Героя всех времен и народов, живущих в том же идиотизме, что и Швейк. Как и сам Гашек.
Тоже, кстати, не подарок.
Еще до фронта он как-то поселился в одном отеле Праги под именем… Лев Николаевич Тургенев. На вопрос зачем он приехал в Прагу, Гашек указал… «ревизия австрийского генерального штаба.» Политически бдительная обслуга занервничала и сообщила о подозрительном постояльце. Гашека забрали в полицию. И забирали потом постоянно.
Даже свой полк, идущий на фронт, Гашек нашел в военной форме, но в цилиндре. Кроме того, писатель издевательски симулировал ревматизм. Его признали дезертиром, но отложили наказание до конца войны. Империи нужны были солдаты, а не заключенные.
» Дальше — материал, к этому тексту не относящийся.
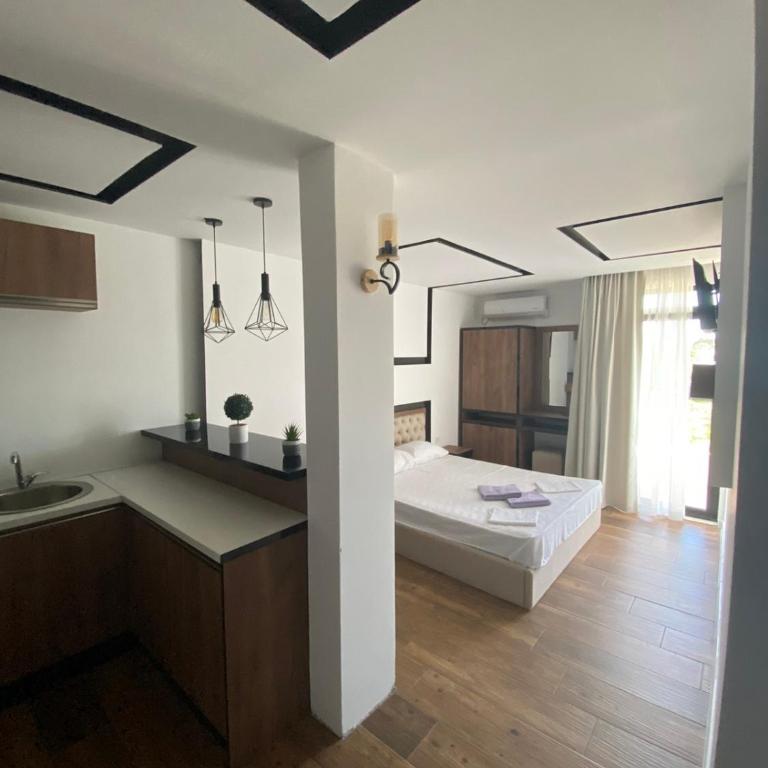 Apartments Stanaj - Dvokrevetna Soba s Bračnim Krevetom s Pogledom na Vrt - 1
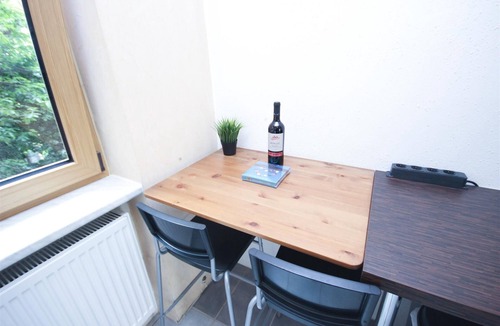 Universitat Apartment | 2 room apartment right in Stuttgart city 6 people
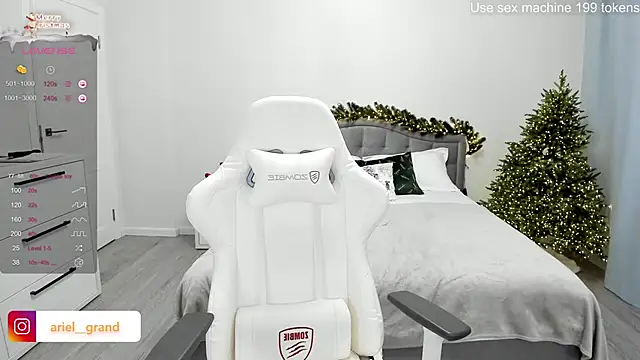 Snapshot of ariel_grand chatting on January 2025 04:04:01 AM ariel grand online show from January 2025 04:04:01 AM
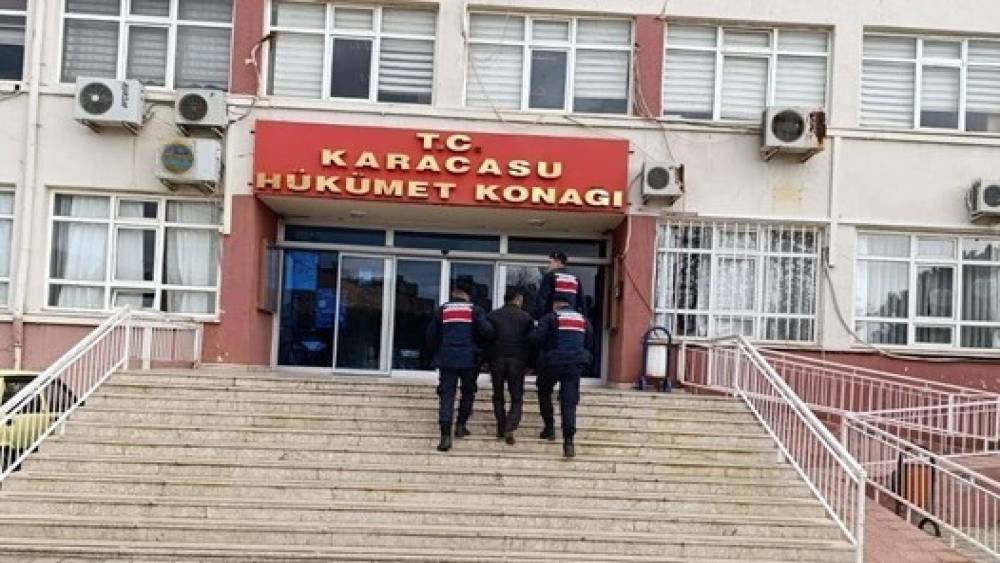 Karacasu&rsquo;da ruhsatsız silahlar ve tarihi eserler ele ge&ccedil;irildi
— Когда мой отец родился, в 1912 году, дед начал праздновать это событие. Взял с собой в шинок новорожденного. Потом пошли в другой, в третий. И везде праздновали, пили за здоровье малыша. Только через три дня, уйдя из дома и не вернувшись, Ярослав схватился, что где-то забыл сына.
Ребенка нашел потом тесть и стал, не в первый раз, настаивать на разводе дочери. Моя бабушка, его жена, Ярмила Майерова до этого уже созрела. Они встречались несколько лет, но Гашек сначала был активным анархистом, потом объявил себя буйным атеистом, печатался, смеялся над государством и государственными чиновниками, ночевал, где попало и совсем не хотел остепеняться.
После рождения моего отца, своего сына, он фактически не жил с женой до того, как ушел на фронт Первой мировой войны.
Пропавший потом в войне и в русской революции на пять лет, Гашек, с подачи мамы, стал для подрастающего сына геройски погибшем в бою легионером-белочехом, которые воевали с большевиками на стороне Колчака.
Хотя, на самом деле, он был одним из «интернационалистов», бойцом русской Красной Армии, мечтающим о мировой революции и всеобщей справедливости.
Но революция победила и… прошла.
Скорее всего, реальность оказалась скучнее и страшнее мечты. Однако не исключено, что он вернулся в Чехию уже не просто «домой», но и с заданием Коминтерна способствовать революции.
— До возвращения из России деда Рихард, мой отец, его не видел и Гашек должен был скрывать перед мальчиком, кто он. Это было условие жены. Но однажды Гашек сказал, что знет всё на свете. И отец ухмыльнулся
— Господин редактор, вы такой глупый. Разве можно всё знать?
— Это хорошо. Это мой настоящий сын, — сказал Гашек и, нарушив слово, данное жене, открылся, кто он есть.
Впрочем, это ничего не изменило.
До тридцати одного года жизни, до войны, Гашек жил фактически в богемных пражских кабачках, смешил людей, писал, влезал в проблемы с полицией и разные авантюры. Он везде писал, редактировал газету анархистов, выпускал пять журналов, сочинял рассказы, однажды делал одновременно полностью два издания под разными именами.
Известно до ста двадцати его псевдонимов.